Dienstag, 10. Juli 2012

Zum Dilemma der Mütter
Zwei Meinungen prallen aufeinander:

Dürfen Mütter Mütter sein und im Interesse des Kindes auf die Karriere verzichten oder  müssen sie beides tun: Kind und Karriere.


Können Mütter alles haben?
Quelle TAGI online
Ich zitiere:
Nein, sagt Anne-Marie Slaughter, ehemalige Beraterin von Hillary Clinton – und sorgt mit einem Essay für mächtig Wirbel.


Eine Vorzeigefrau räumt mit Illusionen auf: Anne-Marie Slaughter.
Eine Vorzeigefrau räumt mit Illusionen auf: Anne-Marie Slaughter.
Bild: Keystone

Titelgeschichte mit grossem Echo: Cover von «The Atlantic».

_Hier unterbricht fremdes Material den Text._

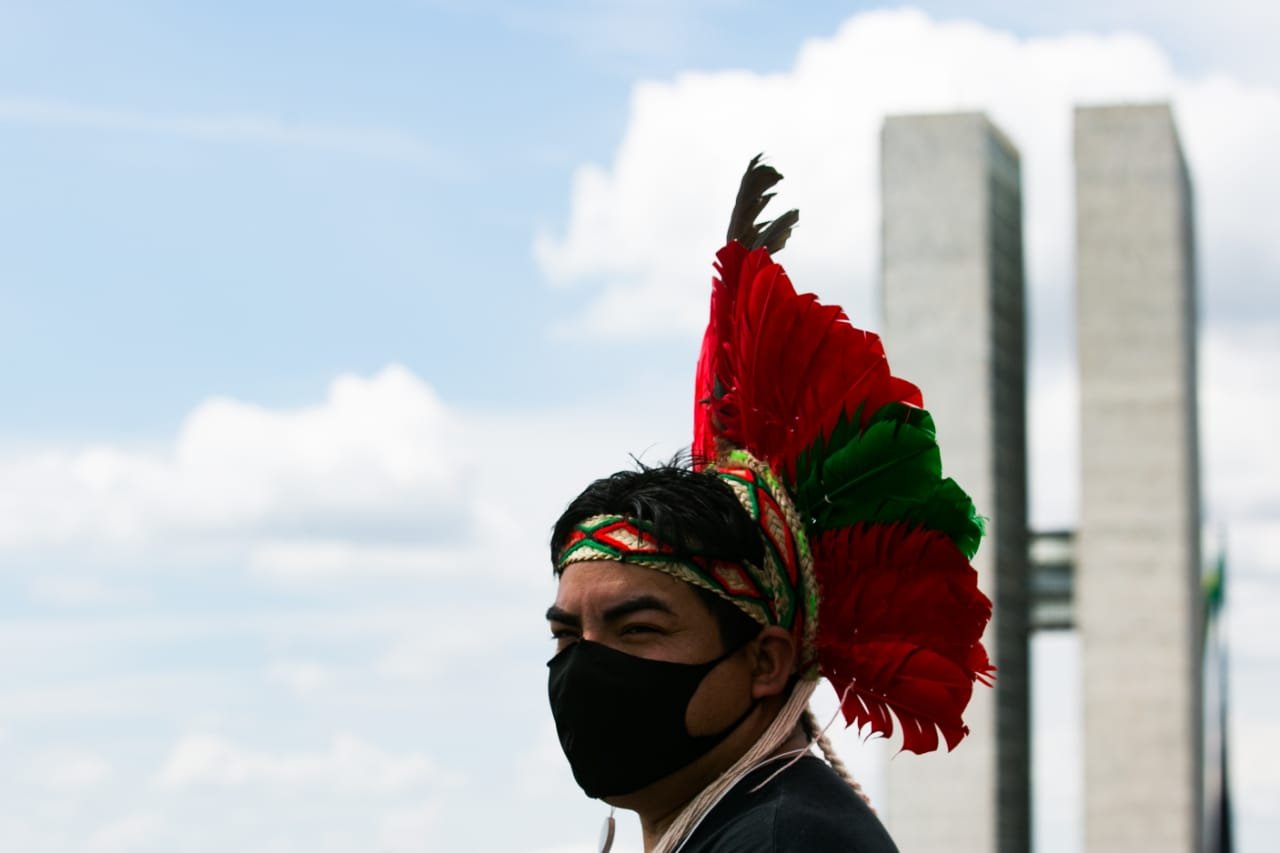 Indígenas de diversas etnias proticolam documento no Ministério do Meio Ambiente, Ministério da Justiça e no da Saúde em defesa da demarcação do território e direitos do povos indígenas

Es gibt Themen, die provozieren – ohne dass sie es unbedingt wollen. Ein solches Reizthema ist die viel diskutierte Vereinbarkeit von Beruf und Familie, vor allem dann, wenn es um die raren Toppositionen in Wirtschaft und Verwaltung geht. Die wenigen Schweizer Mütter in Toppositionen – etwa Jasmin Staiblin, Susanne Ruoff oder Jeannine Pilloud – werden gerne als Beweis dafür aufgeführt, das alles möglich ist und Frauen wie Facebook-CEO Sheryl Sandberg gelten als «role models» für eine ganze Generation. (Lesen Sie auch: «Der Silicon-Effekt»)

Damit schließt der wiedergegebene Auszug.